Tuesday, August 17, 2004

Spreading it out a bit

Like most of my colleagues, I too am looking for alternate work. The words "rat" and "sinking ship" keep coming together in not a very nice way.

Anyway, even though I've forced my circular journalistic peg through the square hole of technical production guy lately, there was a music editor position that came up through one of the papers.

I do realise that once it hits the papers, it's as good as given to the person who really deserves it, as opposed to the lucky schmo who was there at the right time (hint, the second one's probably closer to me).

Still, with my CV top heavy with XML and PHP and all that jazz that just screams "I'm all about the content", I at least hope to get to the first interview stage.

Then I can really impress them.... enough to hire the other guy.

Getting it!

After weeks of beating my head against a wall trying to come to grips with PHP and mySQL and loads of other tedious TLAs, I can finally say "I'm not an idiot after all!"

Today I started a course - a rather expensive course - learning the intricacies of XSL templating for XML and it's a piece of piss. Sometimes you have to take the small, confidence boosting victories for what they are - confidence boosting. Now I'm getting this, I feel a renewed vigor to kick some major PHP ass.

Hope the momentum lasts!

Sunday, August 15, 2004

Another crap point

In the short list of things I could desperately hold onto to prove that my move back to Blighty was justified has been the weather. Canadian summers have always been so unforgivingly dreadful - hot hot hot and humid as hell - that I could happily, and somewhat smugly sit back and think, "yes, I really did make the right decision".

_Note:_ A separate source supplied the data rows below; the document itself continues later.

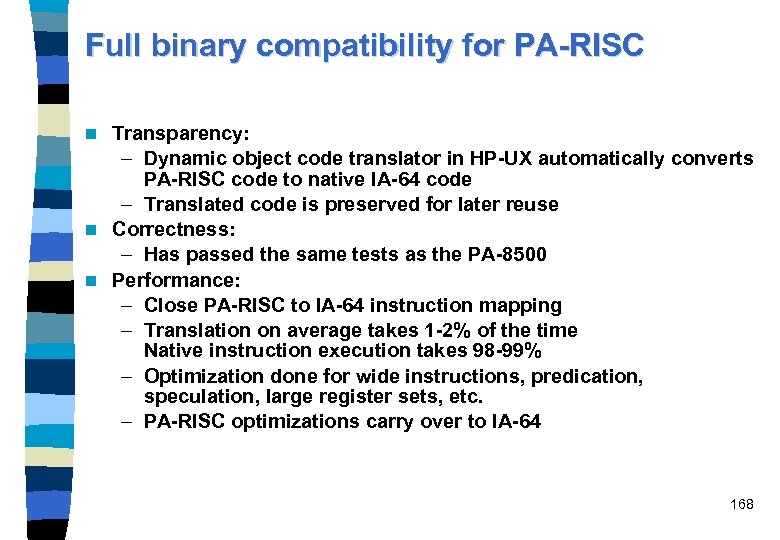 Full binary compatibility for PA-RISC Transparency: – Dynamic object code translator in HP-UX automatically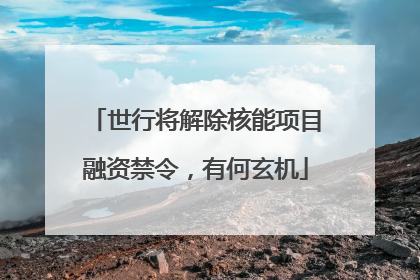 世行将解除核能项目融资禁令，有何玄机
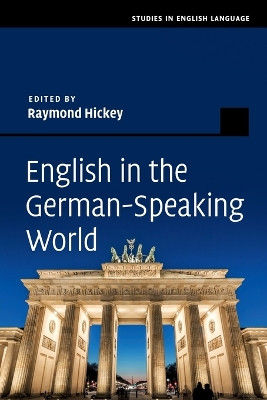 English in the German-Speaking World by Raymond Hickey 9781108738422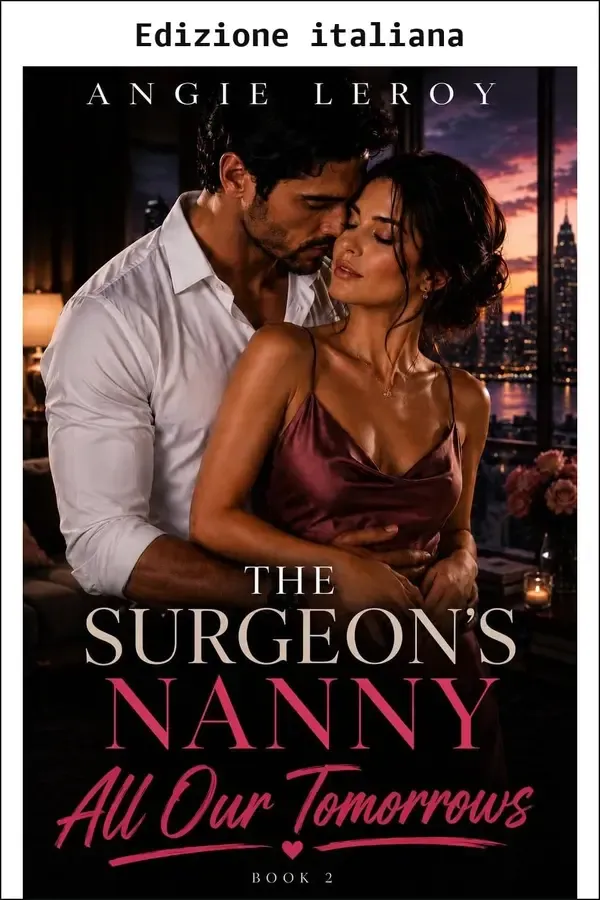 Copertina dell'ebook La tata del chirurgo (Tutti i domani Vol. 2) di Angie Leroy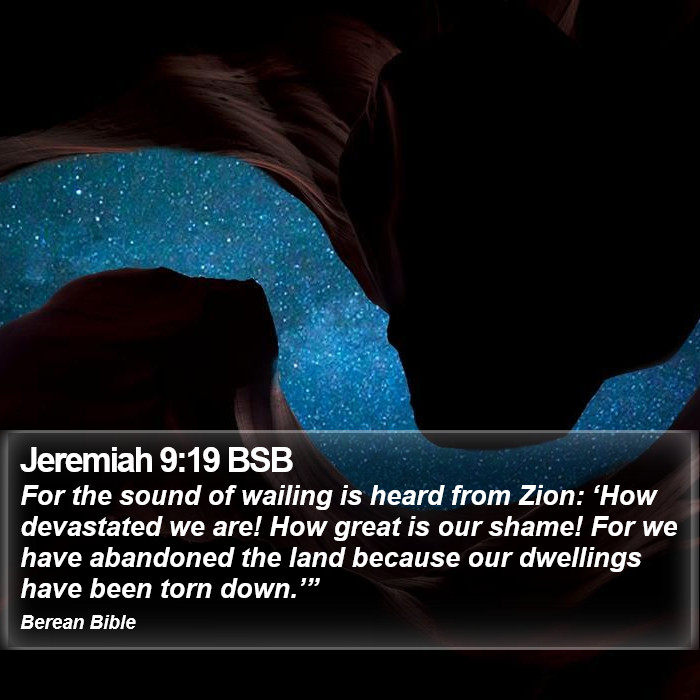 Jeremiah 9:19 BSB Bible Study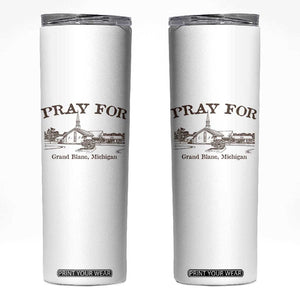 Pray for Grand Blanc Michigan Skinny Tumbler Vintage Church Faith Support TS02 White Print Your Wear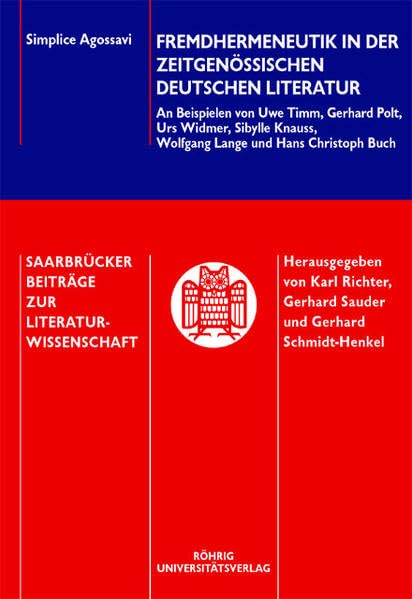Fremdhermeneutik in der zeitgenössischen deutschen Literatur: An Beispielen von Uwe Timm, Gerhard Polt, Urs Widmer, Sibylle Knauss, Wolfgang Lange und ... Beiträge zur Literaturwissenschaft) Social Sciences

It's quite easy to justify things to myself sometimes.

So, upon hearing about how mild and wonderful the Canadian summer has been this summer, my smug demeanour has fallen like a house of cards. My reasons for moving back to Blighty have just been reduced by one.

The pro and con list to my life gets more and more even every day, which is a worry.

Thursday, August 12, 2004

A Bunch of Friggin' Idiots?

You'd think the cradle of the industrial revolution could get their collective heads around something as mind-blowingly difficult as remembering a four-digit number. Apparently not.

The changeover to Chip and PIN for debit cards is apparently set to cause major chaos in the UK this Christmas. In a recent report it's been claimed, "unless people were more familiar with the new chip and PIN cards there were likely to be long queues at tills in the run up to Christmas and during the January sales."

IT'S A FOUR DIGIT NUMBER PEOPLE!

This is the same system I've ALWAYS used in Canada and I've had debit account since the late 80s. France, as well, has used this system for almost a decade. How hard is it to remember four numbers? 1234? Wow that was hard.

Wednesday, August 04, 2004

Brain like a sieve

Why is it I can compose brilliant entries and observations while I'm walking to and from lunch but as soon as sit in front of my PC, I zone out Peter Gibbons-style. Oh well. Another intellectual post losts to the heavily eroding synapses of my mind.